Figure data removed from full text. Figure identifier and caption: 10.1371/journal.pone.0160376.g001 Characterization of spdA-ins mutant cells. (A) SpdA-ins mutant cells were originally created by the random insertion of a REMI mutagenic vector (pSC) in the coding sequence of gene DDB_G0287845 (position 2635). (B) To quantify growth of Dictyostelium on bacteria, we applied 10'000, 1'000, 100 or 10 Dictyostelium cells on a lawn of K. pneumoniae or M. luteus bacteria (black). WT cells created a phagocytic plaque (white). SpdA mutant cells grew as efficiently as WT cells on a lawn of K. pneumoniae but less efficiently in the presence of M. luteus. (C) Growth of Dictyostelium mutant strains in the presence of different bacterial species.
Phagocytosis and Fluid Phase Uptake: Phagocytosis and fluid phase uptake were determined as described previously [5] by incubating cells for 20 min in suspension in HL5 medium containing either 1-μm-diameter Fluoresbrite YG carboxylate microspheres (Polysciences, Warrington, PA) or Alexa647-dextran (Life Technologies, Eugene, OR). Cells were then washed twice with HL5 containing 0.2% NaN3, and the internalized fluorescence was measured by flow cytometry [5]. Kinetics of phagocytosis were determined similarly after 0, 5, 10, 15, 20, 30, 40, 60, 90, 120 and 150 min of incubation. Since these experiments required a large number of cells, the cells were grown to a higher concentration than for all other experiments described in this study (1.5x106 cells per mL vs 500’000 cells per mL). This accounts for the fact that phagocytosis was less efficient for all strains in this set of experiments. To determine if the elevated phagocytosis observed in spdA-ins mutant cells was a cell-autonomous phenotype, we mixed WT cells and spdA-ins mutant cells expressing GFP (ratio 1:1). After three days of co-culture in HL5, phagocytosis was analyzed as described above, but using latex beads fluorescent in the rhodamine channel (Polysciences, Inc). During flow cytometry, GFP fluorescence allowed to distinguish WT from spdA-ins mutant/GFP cells.
In order to visualize cell spreading on a substrate, 1.5x105 cells were allowed to adhere for 20 min on a glass surface in a FluoroDish (World Precision Instr., Sarasota, FL). To monitor the presence and spreading of D. discoideum cells we used an inverted microscope (Olympus IX71 or Zeiss Axiovert 100M) and imaged by phase contrast and Reflection Interference Contrast Microscopy (RICM) as previously described [12]. Images and movies (15 frames per second) were acquired with an Olympus DP30 CCD camera or a High resolution black/white CCD camera (Hamamatsu CCD cooled camera). RICM images were sub-sampled at 1 image per 1.2 s, the background was subtracted and flattened and the noise filtered. Dark cell-surface contact zones were defined by segmentation and quantified as described [13]. To measure cell motility, cells were observed for 60 min (picture every 30 sec) by phase contrast with a Plan-Neofluar 10x magnification. Pictures were taken with a Hamamatsu CCD cooled camera. We used Particle tracking from the Metamorph software to track individual cell trajectories.
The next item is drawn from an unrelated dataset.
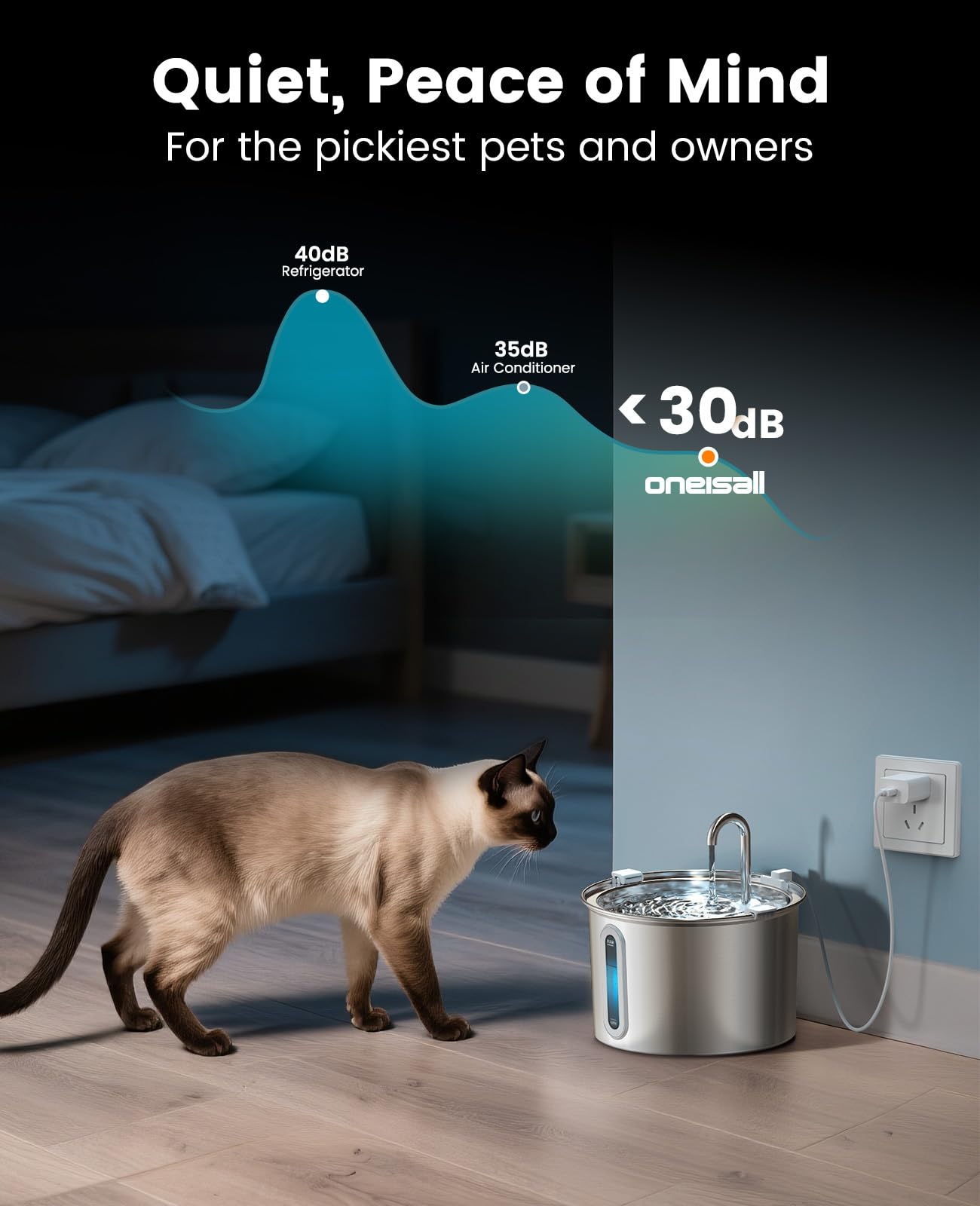 Oneisall 2L fountain with quiet pump emphasizes peaceful fountain operation.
In these experiments, borosilicate glass plates were first cleaned with detergent in alkaline conditions, then briefly detached with a 14 M NaOH solution, thoroughly rinsed and dried. Radial flow experiments were performed essentially as described previously [14, 15]. Briefly, cells were resuspended in HL5 (106 cells/mL) and allowed to attach on the glass surface during 10 min, then a radial hydrodynamic flow was applied for 10 min and the density of the remaining attached cells was determined as a function of the distance to the center of the flow. The results were expressed as the percentage of detached cells as a function of the applied shear stress.
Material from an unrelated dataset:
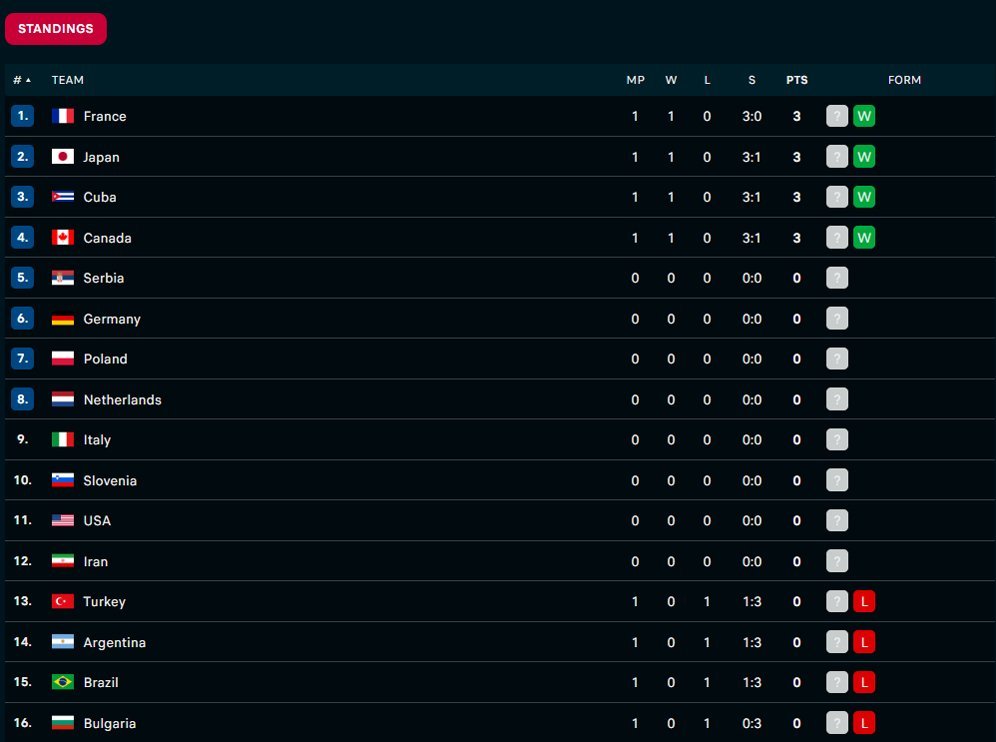 Klasemen sementara VNL putra 2024. (c) Flashscore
To visualize filamentous actin, cells were allowed to adhere on a glass coverslip for 10 min in HL5 and were fixed in PB containing 4% paraformaldehyde for 30 min. This fixation was sufficient to permeabilize the cells. The actin cytoskeleton was labeled by incubating the cells for 1h in phosphate-buffered saline (PBS) containing 0.2% bovine serum albumin and 1μg/ml tetramethylrhodamine B isothiocyanate (TRITC)-labeled phalloidin. The coverslips were then washed twice, mounted and observed by laser scanning confocal microscopy (Zeiss LSM 510). The pictures presented represent optical sections at the site of contact between the cells and the substrate. For scanning electron microscopy, cells were incubated on glass coverslips overnight in HL5. Cells were then fixed with 2% glutaraldehyde in HL5 for 30 min followed by 2% glutaraldehyde in 100 mM PB (pH 7.14) for 30 min. Cells were rinsed and postfixed in 1% osmium tetroxide in 100 mM PB (pH 7.14) for 1 h. The fixative was removed, and cells were progressively dehydrated through a 25–100% ethanol series. After air-drying, cells were sputter-coated in gold and viewed on a JEOL-JSM-7001 FA Field Emission Scanning Electron Microscope.
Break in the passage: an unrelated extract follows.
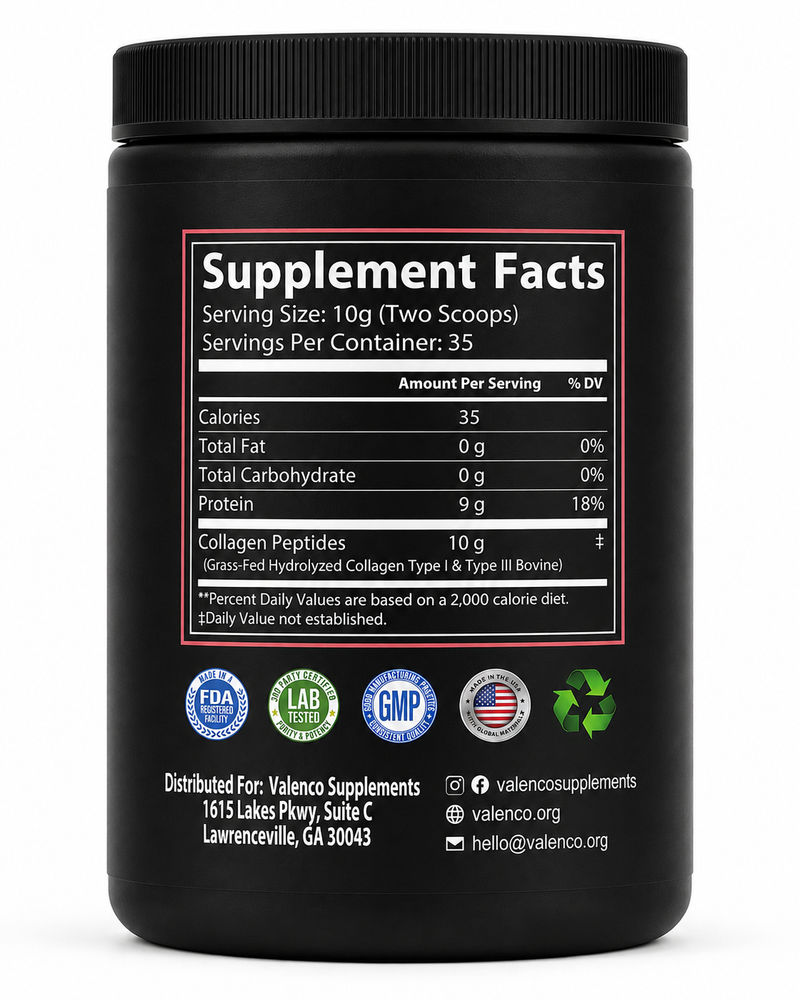 Collagen | Type I & III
To measure cell size based on electric current exclusion (CASY technology), cells were grown to a density of 50x104 cells/mL, diluted to 1x104 cells/mL, and 10 mL were analyzed using a CASY 1 cell counter (Roche; CASY Model TTC). To determine packed cell volume, cells are grown to a density of 3x106 cells/mL. Cells were counted under a Nikon eclipse TS100 microscope with a cell counting Neubauer chamber. 3x106 cells in 1 mL were transferred in the packed cell volume (PCV) tube with calibrated capillary and volume graduation (5μL) (TPP Techno Plastic Products AG; Product no 87005). Cells were centrifuged 2 min at 1500 rpm, and the pellet volume measured in the calibrated capillary. The ratio μL of pellet/number of cells was calculated. To measure the amount of protein per cell, 106 cells were collected by centrifugation, washed once in 1ml PBS, resuspended in 50 μL PBS containing triton X-100, 0.05% and transferred to a 96 well plate. To quantify protein content using a Lowry assay (DC Protein Assay, Bio-RAD) we added to each well 25 μL of reagent A and 200μL reagent B. After 15 min the absorbance at 750 nm was measured in a microplate reader, and compared to a set of calibrated serial dilutions.
To determine the cellular amounts of SibA, Phg1 and Talin, we resuspended cell pellets in sample buffer and separated the proteins on a polyacrylamide gel (7% for SibA and Talin and 10% for Phg1), after which they were transferred to a nitrocellulose membrane (Invitrogen, Carlsbad, CA). The membranes were incubated with a polyclonal anti-SibA antibody (SibA) [12], the YC1 rabbit antipeptide antiserum to a Phg1 peptide [5], or the anti-talin 169.477.5 [16], a kind gift from Prof. G. Gerisch (Martinsried, Germany). Binding of antibodies was revealed by ECL using a secondary HRP-coupled antibody (Amersham Biosciences). The signal intensity was evaluated using Quantity One software (Bio-Rad).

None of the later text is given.